Future studies should focus on these non-immune functions of NFkB signaling and their association with addiction-related processes.

INTRODUCTION

Nuclear factor kappa light chain enhancer of activated B cells (NFkB) is a ubiquitous transcription factor with varied roles within the mammalian cell. While best known for its regulation of inflammation and innate immunity, NFkB has a wide range of gene targets and can influence complex behaviors such as learning and memory, addiction and depression.
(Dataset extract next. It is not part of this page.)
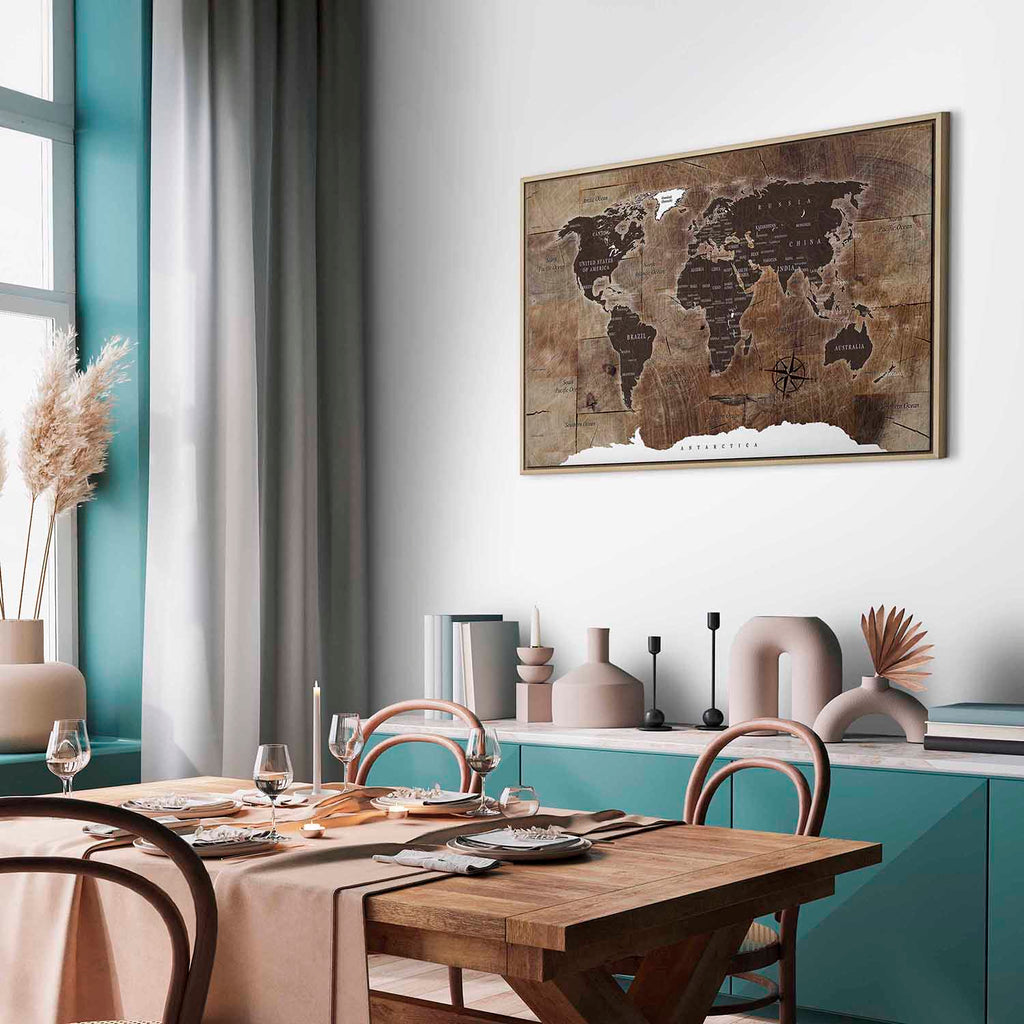 Wooden Mosaic World Map Canvas Print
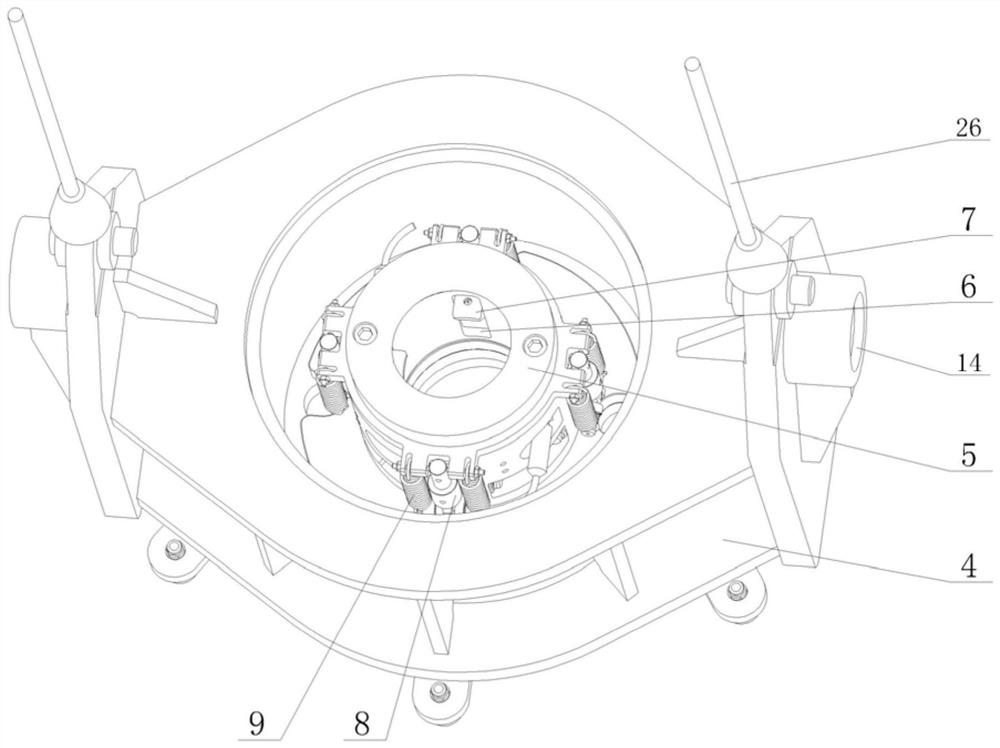 Underwater robot laying and recovery oscillation stopper, swing frame and system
This review will highlight these diverse functions, and draw links between specific gene targets and the development of addictive-like behaviors. Some excellent reviews on similar topics have been published, but these have focused primarily on the neuroimmune response as a causal link between NFkB activation and substance abuse (Crews and Vetreno, 2011; Crews et al., 2011). This review will highlight the role of NFkB from a different angle. Specifically, we will put forth the idea that even though NFkB is involved in inflammation, this does not necessarily mean that NFkB is involved in addiction solely via the activation of inflammatory mediators. We will describe the role of NFkB in behavioral, cellular and molecular processes that may be mediated by gene targets not related to the innate immune response. While various drugs of abuse will be mentioned, the primary focus of this review will be on the role of NFkB in alcohol use disorders.

NFkB: HISTORY AND REGULATORY PROCESSES

Many excellent reviews on NFkB, its regulation and molecular effects have been published over the last several years (Neumann and Naumann, 2007; Oeckinghaus and Ghosh, 2009). These topics will be described briefly here, but the reader is referred to these reviews for more in-depth information concerning the general functions of this transcription factor.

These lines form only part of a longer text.